# [Exercise details]
Where the records below show a line containing "Ущелье прыгающего тигра", start copying; end with the line containing "11631 Poema Place - Photo Thumbnail 8", and copy it too.

# [Source data]
────

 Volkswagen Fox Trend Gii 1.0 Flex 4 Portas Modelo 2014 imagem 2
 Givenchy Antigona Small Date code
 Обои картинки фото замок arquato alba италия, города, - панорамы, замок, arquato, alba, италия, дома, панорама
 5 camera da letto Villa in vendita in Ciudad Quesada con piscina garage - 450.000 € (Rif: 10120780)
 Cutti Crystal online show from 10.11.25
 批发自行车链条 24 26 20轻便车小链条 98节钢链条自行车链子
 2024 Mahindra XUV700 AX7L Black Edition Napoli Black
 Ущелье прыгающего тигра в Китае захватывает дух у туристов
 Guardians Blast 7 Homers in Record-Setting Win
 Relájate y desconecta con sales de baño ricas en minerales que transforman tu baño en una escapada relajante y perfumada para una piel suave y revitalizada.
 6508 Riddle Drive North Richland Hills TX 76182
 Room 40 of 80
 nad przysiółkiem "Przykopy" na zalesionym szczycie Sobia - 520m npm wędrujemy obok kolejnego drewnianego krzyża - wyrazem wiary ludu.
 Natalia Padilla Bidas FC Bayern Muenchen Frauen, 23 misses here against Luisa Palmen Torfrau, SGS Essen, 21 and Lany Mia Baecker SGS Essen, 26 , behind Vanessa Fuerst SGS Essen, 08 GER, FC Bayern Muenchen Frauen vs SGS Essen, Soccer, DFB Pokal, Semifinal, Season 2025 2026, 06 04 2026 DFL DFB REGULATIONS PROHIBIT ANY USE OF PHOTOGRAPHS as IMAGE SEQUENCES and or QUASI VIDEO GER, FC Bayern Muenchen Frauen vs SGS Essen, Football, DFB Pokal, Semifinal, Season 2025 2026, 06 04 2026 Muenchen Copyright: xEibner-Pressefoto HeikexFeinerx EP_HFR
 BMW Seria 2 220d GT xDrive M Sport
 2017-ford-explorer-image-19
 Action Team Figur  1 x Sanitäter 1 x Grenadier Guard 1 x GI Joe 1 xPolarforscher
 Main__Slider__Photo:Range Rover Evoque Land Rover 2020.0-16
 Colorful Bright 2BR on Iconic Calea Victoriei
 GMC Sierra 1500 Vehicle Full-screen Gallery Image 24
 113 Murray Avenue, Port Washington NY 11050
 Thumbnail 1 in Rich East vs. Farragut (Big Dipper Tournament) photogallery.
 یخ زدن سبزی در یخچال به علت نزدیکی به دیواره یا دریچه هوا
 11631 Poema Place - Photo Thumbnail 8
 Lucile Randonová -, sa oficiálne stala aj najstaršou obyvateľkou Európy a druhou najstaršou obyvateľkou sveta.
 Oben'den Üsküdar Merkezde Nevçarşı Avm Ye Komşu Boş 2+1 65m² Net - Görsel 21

────

# [Expected answer]
 Ущелье прыгающего тигра в Китае захватывает дух у туристов
 Guardians Blast 7 Homers in Record-Setting Win
 Relájate y desconecta con sales de baño ricas en minerales que transforman tu baño en una escapada relajante y perfumada para una piel suave y revitalizada.
 6508 Riddle Drive North Richland Hills TX 76182
 Room 40 of 80
 nad przysiółkiem "Przykopy" na zalesionym szczycie Sobia - 520m npm wędrujemy obok kolejnego drewnianego krzyża - wyrazem wiary ludu.
 Natalia Padilla Bidas FC Bayern Muenchen Frauen, 23 misses here against Luisa Palmen Torfrau, SGS Essen, 21 and Lany Mia Baecker SGS Essen, 26 , behind Vanessa Fuerst SGS Essen, 08 GER, FC Bayern Muenchen Frauen vs SGS Essen, Soccer, DFB Pokal, Semifinal, Season 2025 2026, 06 04 2026 DFL DFB REGULATIONS PROHIBIT ANY USE OF PHOTOGRAPHS as IMAGE SEQUENCES and or QUASI VIDEO GER, FC Bayern Muenchen Frauen vs SGS Essen, Football, DFB Pokal, Semifinal, Season 2025 2026, 06 04 2026 Muenchen Copyright: xEibner-Pressefoto HeikexFeinerx EP_HFR
 BMW Seria 2 220d GT xDrive M Sport
 2017-ford-explorer-image-19
 Action Team Figur  1 x Sanitäter 1 x Grenadier Guard 1 x GI Joe 1 xPolarforscher
 Main__Slider__Photo:Range Rover Evoque Land Rover 2020.0-16
 Colorful Bright 2BR on Iconic Calea Victoriei
 GMC Sierra 1500 Vehicle Full-screen Gallery Image 24
 113 Murray Avenue, Port Washington NY 11050
 Thumbnail 1 in Rich East vs. Farragut (Big Dipper Tournament) photogallery.
 یخ زدن سبزی در یخچال به علت نزدیکی به دیواره یا دریچه هوا
 11631 Poema Place - Photo Thumbnail 8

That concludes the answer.